Problem requirements » As you reproduce every line below, keep it exactly as written and leave out the images.

Supplied data »

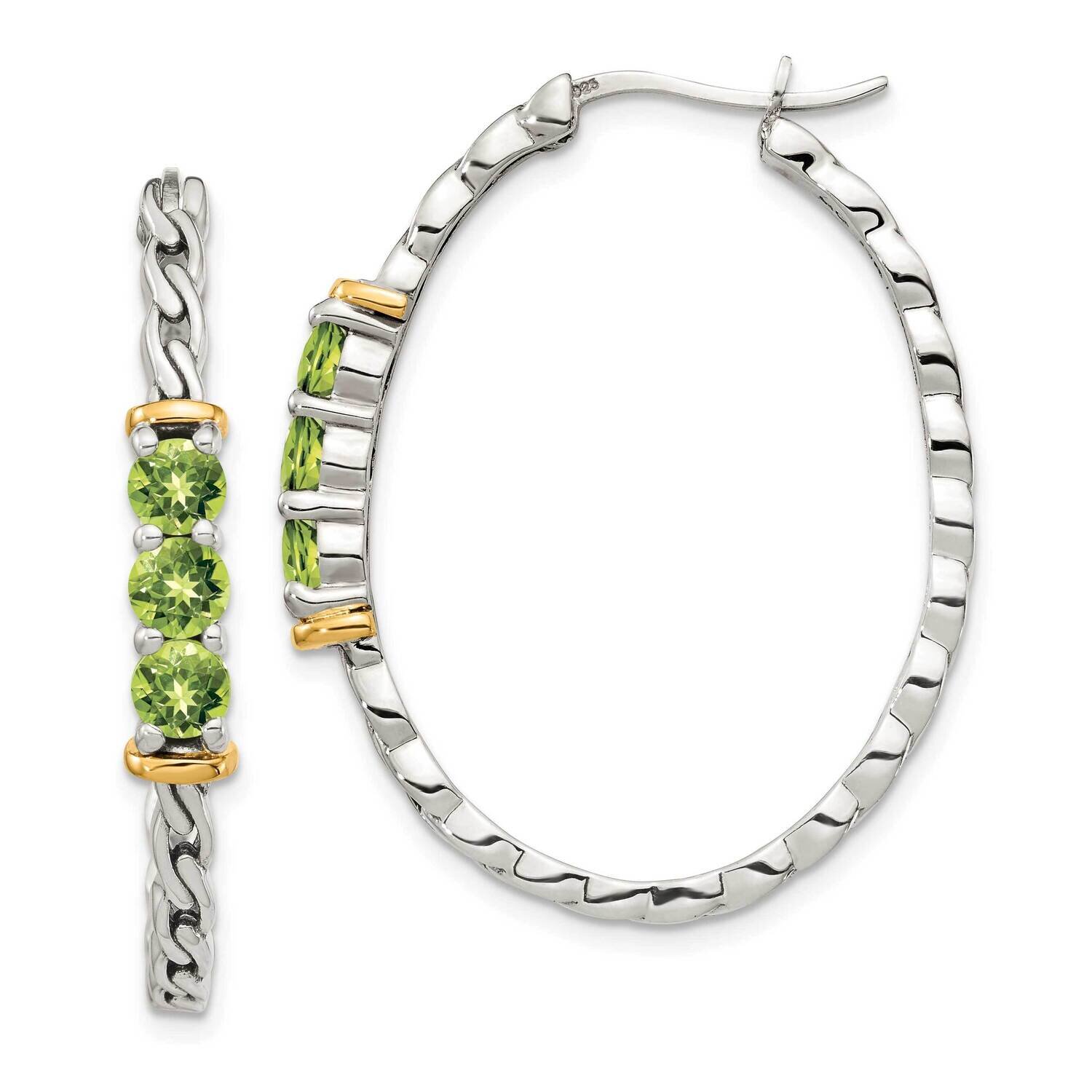Peridot Hoop Earrings Sterling Silver with 14k Gold Accent QTC1654, MPN: QTC1654, 883957341125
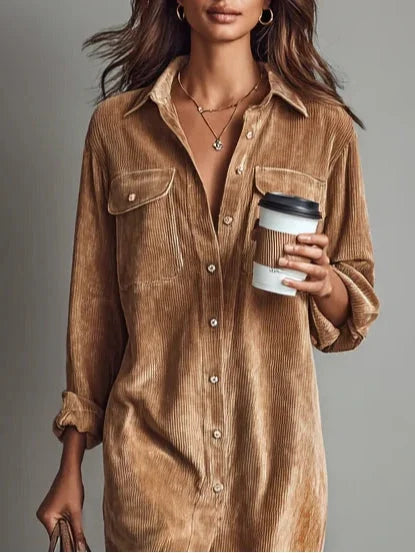 Vestido midi de bombazine com abotoamento simples e solto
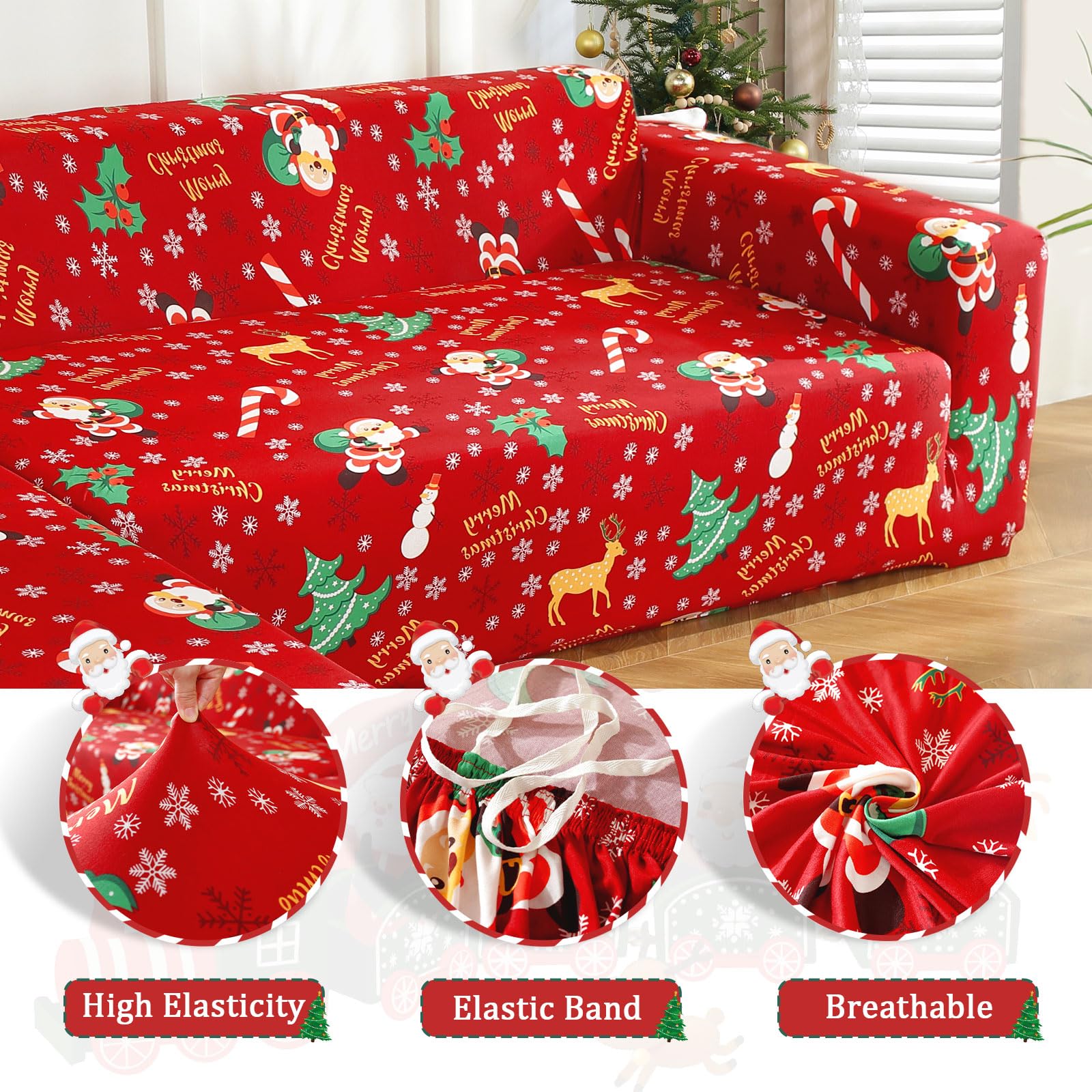 Jaotto Copridivano con Penisola Elasticizzato A Sinistra Destra, Fodere Copridivano Angolare Universale, Copridivano Antigraffio Gatto Chaise Longue a Forma di L(3 Posti+3 Posti,Xmas Ladro)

Answer space »
Peridot Hoop Earrings Sterling Silver with 14k Gold Accent QTC1654, MPN: QTC1654, 883957341125
 Vestido midi de bombazine com abotoamento simples e solto
 Jaotto Copridivano con Penisola Elasticizzato A Sinistra Destra, Fodere Copridivano Angolare Universale, Copridivano Antigraffio Gatto Chaise Longue a Forma di L(3 Posti+3 Posti,Xmas Ladro)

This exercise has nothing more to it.